Ok, se dijo, empecemos. Su cuenta externa, aquella que respondía a su nombre, ahora pasaría a llamarse Popea, Popea-Chanel en homenaje al descubrimiento de esa noche con la Modelo. La empresa puntocom tenía una cuenta madre, por llamarla de alguna manera, a nombre de una maestra retirada de Río de Janeiro, María Jesús Cobo. La maestra había dirigido una campaña para distribuir ordenadores usados en las favelas de la ciudad. Su cuenta, sin saberlo la maestra, servía de tapadera a dos servidores externos, los verdaderos instrumentos de la empresa puntocom.

El primer servidor externo, el de Patricia, tardó en responder. Cuando lo hizo, revisó las cuentas vinculadas a la empresa puntocom. Añadió la que tenía en Aruba. Respondió a todas las preguntas de seguridad. La empresa puntocom revivida tenía ahora una cuenta en Aruba a nombre de Patricia Van der Garde. El sobre que envió desde Nueva York, con su foto de hacía unos años, su firma y su autorización, llegaría pronto. En la empresa puntocom había otras cuentas, una en Liechtenstein, a nombre de su abuela Graziella. Un total de veintitrés mil dólares en esa cuenta.

Ahora tocaba entrar en el otro servidor externo, el de Marrero, empleando el código, le molestaba recordarlo. Le molestaba todo lo que tuviera el nombre de Marrero y sabía que cada vez que lo empleaba generaba una fuerte energía que permitía que él mismo, el propio Marrero, se materializara allí donde estuvieran. Aparecería en Londres, seguro, en breve, pero necesitaba revisar esa cuenta una vez más. Después de todo, la habían abierto juntos en 2001, cuando acababan de llegar a Nueva York y Marrero estaba en todas partes de sus vidas.

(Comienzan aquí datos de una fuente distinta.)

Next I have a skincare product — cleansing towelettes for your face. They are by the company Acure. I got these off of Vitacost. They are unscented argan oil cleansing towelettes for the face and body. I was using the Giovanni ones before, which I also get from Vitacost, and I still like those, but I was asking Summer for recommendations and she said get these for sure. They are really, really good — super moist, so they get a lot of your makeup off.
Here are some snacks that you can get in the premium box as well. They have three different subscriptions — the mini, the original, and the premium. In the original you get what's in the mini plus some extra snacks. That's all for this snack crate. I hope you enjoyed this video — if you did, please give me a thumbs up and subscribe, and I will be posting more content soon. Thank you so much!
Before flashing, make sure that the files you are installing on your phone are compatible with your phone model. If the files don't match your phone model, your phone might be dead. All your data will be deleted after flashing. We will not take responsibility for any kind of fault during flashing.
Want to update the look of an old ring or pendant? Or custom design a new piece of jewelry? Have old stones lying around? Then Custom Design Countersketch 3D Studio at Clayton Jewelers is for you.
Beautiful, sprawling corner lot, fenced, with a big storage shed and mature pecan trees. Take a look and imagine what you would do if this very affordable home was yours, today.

La cuenta de Marrero tenía la misma cantidad de dinero, veintitrés mil dólares. En el servidor, Marrero tenía muchas cuentas a nombre de muchas empresas. En esta situación él pensaría igual que ella: encontrar un sitio prácticamente invisible donde esconder el dinero en el momento en que hiciera falta. A Patricia le llamó la atención una cuenta a nombre de una empresa exportadora/importadora de langostinos en Siam. Patricia, le dolió reconocerlo, sabía el código clave de esa cuenta, el porqué no podía asumirlo ahora. TheMark2806.

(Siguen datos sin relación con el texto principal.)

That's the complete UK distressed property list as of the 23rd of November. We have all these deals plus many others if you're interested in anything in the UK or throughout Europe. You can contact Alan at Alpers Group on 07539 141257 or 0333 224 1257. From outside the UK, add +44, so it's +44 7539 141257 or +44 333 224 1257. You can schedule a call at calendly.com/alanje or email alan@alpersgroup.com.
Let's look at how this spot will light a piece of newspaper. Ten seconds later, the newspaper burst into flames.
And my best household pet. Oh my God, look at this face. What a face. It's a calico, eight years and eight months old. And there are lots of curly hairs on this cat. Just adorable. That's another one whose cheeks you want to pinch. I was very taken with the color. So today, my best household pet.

Empezó a teclear. Modificaría el código de acceso a la empresa. Sabía hacer estas cosas, lo aprendió rápido en la inmobiliaria donde había trabajado como interiorista, en Barcelona, antes de conocer a Alfredo. Era fácil. El código ya no sería más TheMark2806 sino Ovington2008. Cerró el servidor externo. Siguió tecleando de nuevo en la página con los datos de la empresa puntocom, autorizando una nueva empresa colaboradora mediante una carta de compromiso destinada a «afiliarse a cualquier acto de solidaridad que se presente en el tiempo turbulento que ahora nos toca vivir». Esa nueva empresa colaboradora se llamaría 2monstersgether, con sede en un banco familiar muy pequeño en Edimburgo.

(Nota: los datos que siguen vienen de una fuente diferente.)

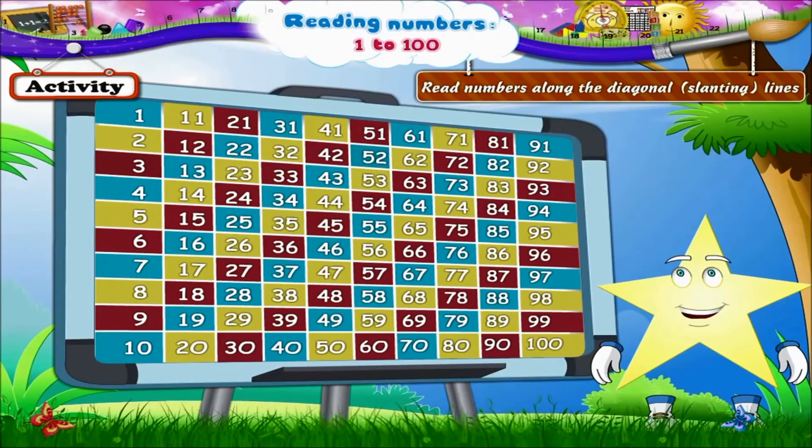Red line: 9, 18, 27, 36, 45, 54, 63, 72 and 81. The blue line: 10, 19, 28, 37, 46, 55, 64, 73, 82, 91.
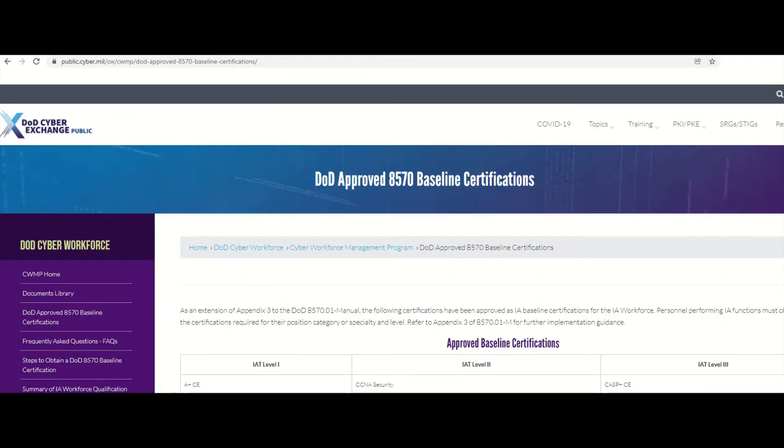For the full list, go to Google and type in DOD 8570 full list, or go directly to public.cyber.mil/cwmp/dod-approved-8570-baseline-certification. I'll have the link in the description. Here would be the full list.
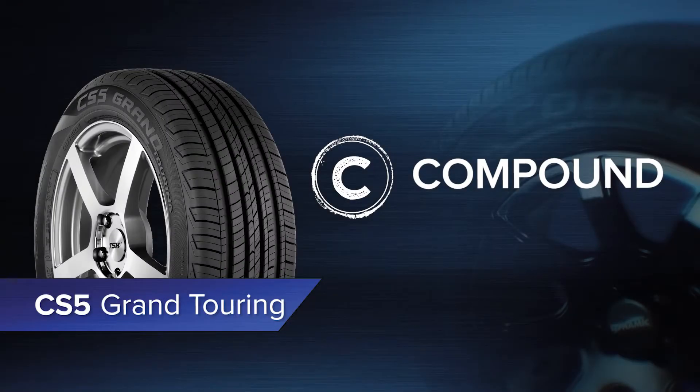Next, take a closer look at the compound.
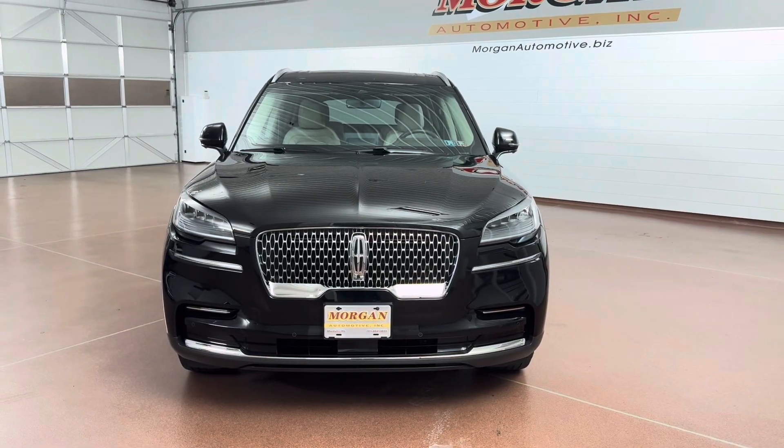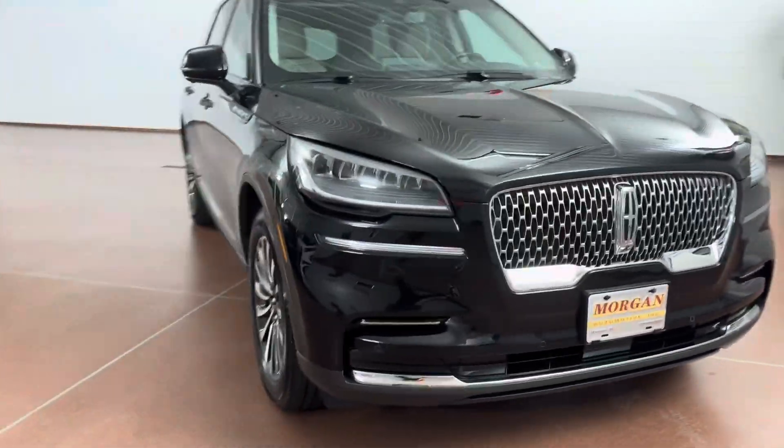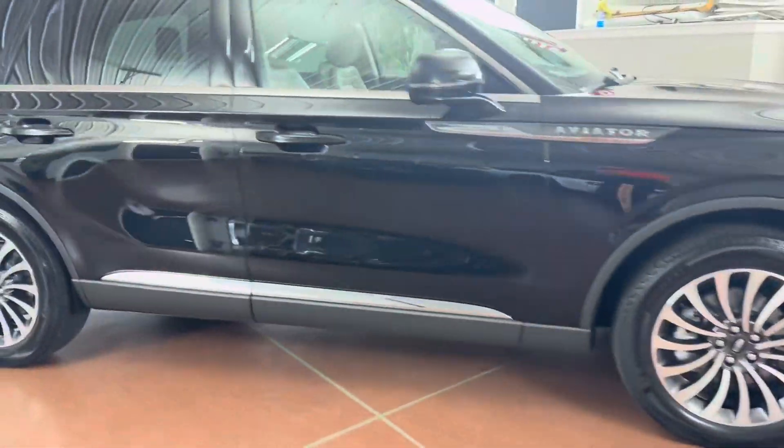How's it going, everyone? Dylan here with Morgan Automotive, and today we have this beautiful 2022 Lincoln Aviator Reserve all-wheel drive. This vehicle has one owner, has a clean Carfax, and has just been fully serviced here at the dealership.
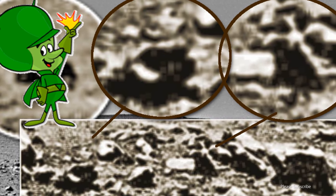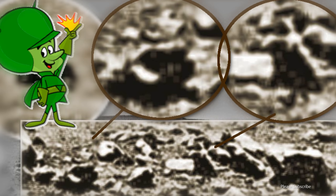NASA purposely downgrades the quality of all their images. They really don't want us to know that Mars is infested with many species of life forms. Of course this could all just be rocks or pareidolia — we are simply pointing out strange anomalies on Mars. You decide.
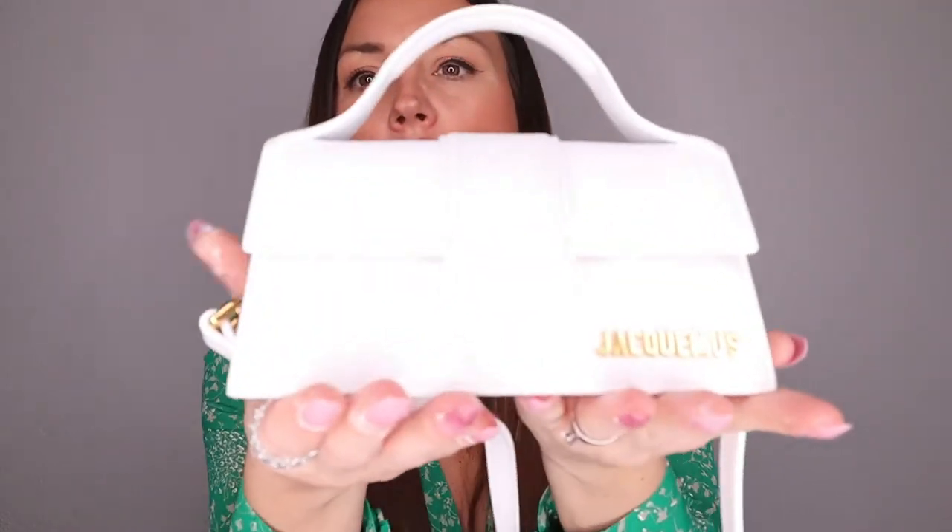Balenciaga is also doing their own thing with small bags, and Bottega Veneta does it with the Intrecciato leather. There are many different options — other brands like Furla and H&M also do small bags. But for me, Jacquemus is a total look. This is the second item you guys need in your wardrobe.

Miró la casa prestada, siempre empezaban sus cosas desde casas prestadas. Unos amigos colombianos se la habían dejado para que iniciaran su vida, su «cambio» en Londres. «No hace falta que pongan fecha de salida —les había dicho Andrés, el dueño—. Así nos la cuidan. Quizá pasemos una semana para Ascot, si los amigos deciden llevar los caballos», les había dicho. Eso era lo que otorgaba llevar una vida fácil: todo es fluido, cómodo, accesible. Para estar dentro de esa vida había que hacer
click
en un determinado grupo de gente y ese
click
era el talento de Alfredo como cocinero. Y su éxito. Y su fama. Tres veces
click
.

Pero ahora todo eso iba a cambiar. Por primera vez, Patricia iba a ser propietaria. De cosas robadas, de dinero sucio, de esquemas ajenos, pero propietaria.

Alfredo apareció detrás de la puerta, la había estado observando, esperando que finalizara la operación.

—¿Qué tal te ha ido con tu primera víctima? ¿Se ha quedado ya enamorada de ti?

—No es una víctima.

—Es tan solo un símbolo, claro, ya lo había imaginado. Un gesto de bienvenida, para hacerte a la ciudad, para practicar más el inglés...

Chaparrón Alfredo, pensó Patricia. Redujo su eslabón financiero a un pequeño punto negro en el ordenador, guardó la contraseña creada como Popea-Chanel, el número del bolso que la Modelo le recitó debidamente encriptado como contraseña de la contraseña, y miró a Alfredo, desnudo, recién duchado, no lo había oído, mojando la madera oscura del piso prestado. Fue hacia él, sabía que olía mal, a la ginebra que había devorado, a la culpa que empezaba a revolotear alrededor.

—No te acerques, porque de verdad te golpearía —advirtió él—. ¿Quieres probarme, ver hasta dónde puedes ser capaz de hacerme llegar?

—Necesito experimentar para ser Patricia...

—Necesitas hacerme daño, Patricia, para sentir que me quieres. Ha sido así siempre. Eres incapaz de entender que amar puede ser mucho más sencillo.

—No quiero aburrirme. No quiero aburrirte a ti tampoco.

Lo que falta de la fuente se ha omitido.